Gene loss and symbiont switching during adaptation to the deep sea in a globally distributed symbiosis

Abstract

Chemosynthetic symbioses between bacteria and invertebrates occur worldwide from coastal sediments to the deep sea. Most host groups are restricted to either shallow or deep waters. In contrast, Lucinidae, the most species-rich family of chemosymbiotic invertebrates, has both shallow- and deep-sea representatives. Multiple lucinid species have independently colonized the deep sea, which provides a unique framework for understanding the role microbial symbionts play in evolutionary transitions between shallow and deep waters. Lucinids acquire their symbionts from their surroundings during early development, which may allow them to flexibly acquire symbionts that are adapted to local environments. Via metagenomic analyses of museum and other samples collected over decades, we investigated the biodiversity and metabolic capabilities of the symbionts of 22 mostly deep-water lucinid species. We aimed to test the theory that the symbiont played a role in adaptation to life in deep-sea habitats. We identified 16 symbiont species, mostly within the previously described genus Ca. Thiodiazotropha. Most genomic functions were shared by both shallow-water and deep-sea Ca. Thiodiazotropha, though nitrogen fixation was exclusive to shallow-water species. We discovered multiple cases of symbiont switching near deep-sea hydrothermal vents and cold seeps, where distantly related hosts convergently acquired novel symbionts from a different bacterial order. Finally, analyses of selection revealed consistently stronger purifying selection on symbiont genomes in two extreme habitats - hydrothermal vents and an oxygen-minimum zone. Our findings reveal that shifts in symbiont metabolic capability and, in some cases, acquisition of a novel symbiont accompanied adaptation of lucinids to challenging deep-sea habitats.

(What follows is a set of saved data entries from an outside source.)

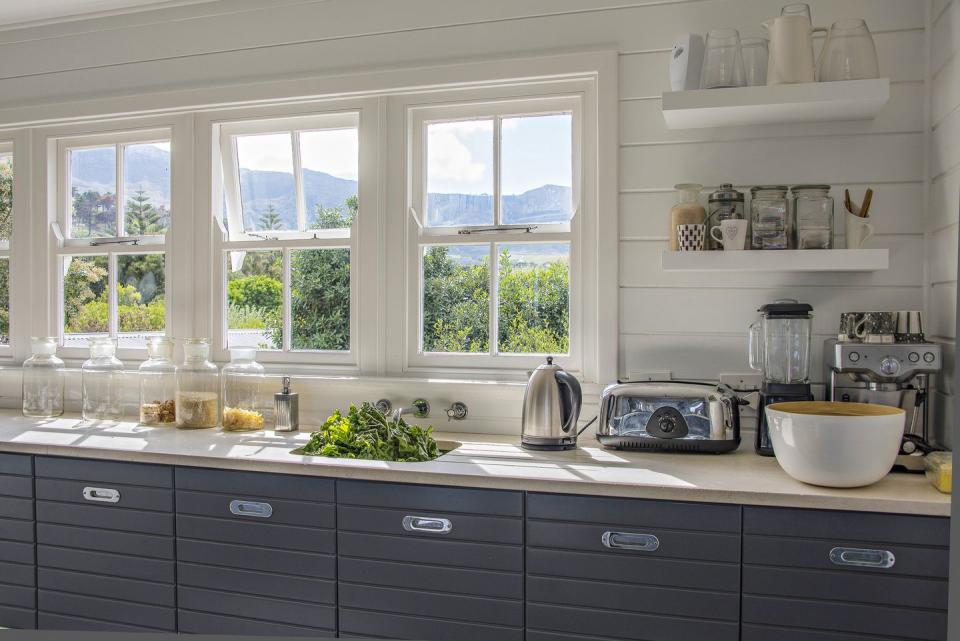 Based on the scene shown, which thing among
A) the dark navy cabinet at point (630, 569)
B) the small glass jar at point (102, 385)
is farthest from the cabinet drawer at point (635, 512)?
the small glass jar at point (102, 385)

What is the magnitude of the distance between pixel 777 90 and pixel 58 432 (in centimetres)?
264

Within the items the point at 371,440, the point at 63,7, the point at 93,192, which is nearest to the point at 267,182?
the point at 93,192

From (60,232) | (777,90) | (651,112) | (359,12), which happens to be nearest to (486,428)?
(651,112)

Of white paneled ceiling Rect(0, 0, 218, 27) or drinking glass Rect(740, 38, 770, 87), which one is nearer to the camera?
drinking glass Rect(740, 38, 770, 87)

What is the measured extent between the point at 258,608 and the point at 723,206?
1.83 meters

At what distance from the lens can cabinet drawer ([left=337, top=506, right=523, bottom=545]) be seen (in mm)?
1983

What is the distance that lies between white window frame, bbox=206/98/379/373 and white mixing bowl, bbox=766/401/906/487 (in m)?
1.58

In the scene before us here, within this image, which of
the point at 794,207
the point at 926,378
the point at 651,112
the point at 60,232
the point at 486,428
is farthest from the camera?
the point at 60,232

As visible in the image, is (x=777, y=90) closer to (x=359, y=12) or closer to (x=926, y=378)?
(x=926, y=378)

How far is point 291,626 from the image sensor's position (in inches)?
84.8

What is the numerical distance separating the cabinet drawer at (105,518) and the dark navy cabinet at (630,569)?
46.1 inches

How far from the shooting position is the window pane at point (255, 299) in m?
3.10

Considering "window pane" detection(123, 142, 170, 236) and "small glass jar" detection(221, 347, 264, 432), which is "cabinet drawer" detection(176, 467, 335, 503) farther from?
"window pane" detection(123, 142, 170, 236)

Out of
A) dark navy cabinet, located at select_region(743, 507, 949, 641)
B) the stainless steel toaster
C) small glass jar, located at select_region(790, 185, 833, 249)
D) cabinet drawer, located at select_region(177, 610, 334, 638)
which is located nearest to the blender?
the stainless steel toaster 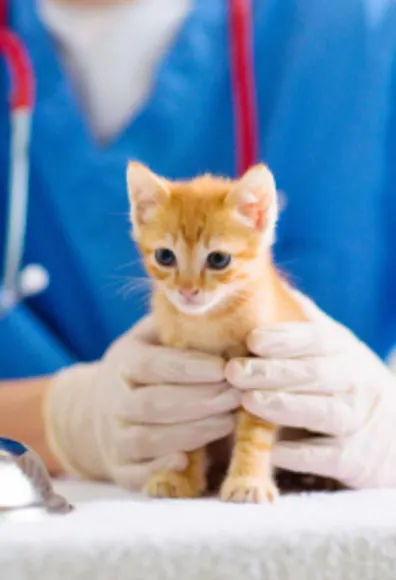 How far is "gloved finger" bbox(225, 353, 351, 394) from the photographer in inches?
24.8

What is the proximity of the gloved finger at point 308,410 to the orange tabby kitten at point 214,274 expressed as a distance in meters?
0.01

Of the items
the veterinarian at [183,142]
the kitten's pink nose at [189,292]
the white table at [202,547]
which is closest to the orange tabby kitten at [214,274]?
the kitten's pink nose at [189,292]

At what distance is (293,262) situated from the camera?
3.44 ft

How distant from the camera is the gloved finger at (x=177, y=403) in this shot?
653 mm

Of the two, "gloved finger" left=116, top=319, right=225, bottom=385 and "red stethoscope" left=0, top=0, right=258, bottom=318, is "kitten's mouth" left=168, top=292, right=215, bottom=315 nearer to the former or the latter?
"gloved finger" left=116, top=319, right=225, bottom=385

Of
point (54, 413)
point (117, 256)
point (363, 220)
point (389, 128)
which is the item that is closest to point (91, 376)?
point (54, 413)

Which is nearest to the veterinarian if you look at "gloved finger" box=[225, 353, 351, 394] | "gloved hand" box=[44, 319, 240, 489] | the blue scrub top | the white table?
the blue scrub top

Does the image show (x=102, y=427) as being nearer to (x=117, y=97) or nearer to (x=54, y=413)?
(x=54, y=413)

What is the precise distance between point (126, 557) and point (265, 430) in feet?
0.70

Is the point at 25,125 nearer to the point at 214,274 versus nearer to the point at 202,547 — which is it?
the point at 214,274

Fig. 1. Diverse Lucinidae from a range of deep and shallow-water habitats around the world were investigated using metagenomics.

A The lucinids sampled in this study, colored by genus, originated from diverse shallow- and deep-water habitats including intertidal, cold-seep, hydrothermal vent, and oxygen-minimum zone sediments. B Sampling locations of the lucinid species sequenced in this study, colored by genus. Shape of symbols indicate sampling depth (shallower or deeper than 200 m below the sea surface).

Fig. 2. Deep-sea Lucinidae host divergent Ca. Thiodiazotropha.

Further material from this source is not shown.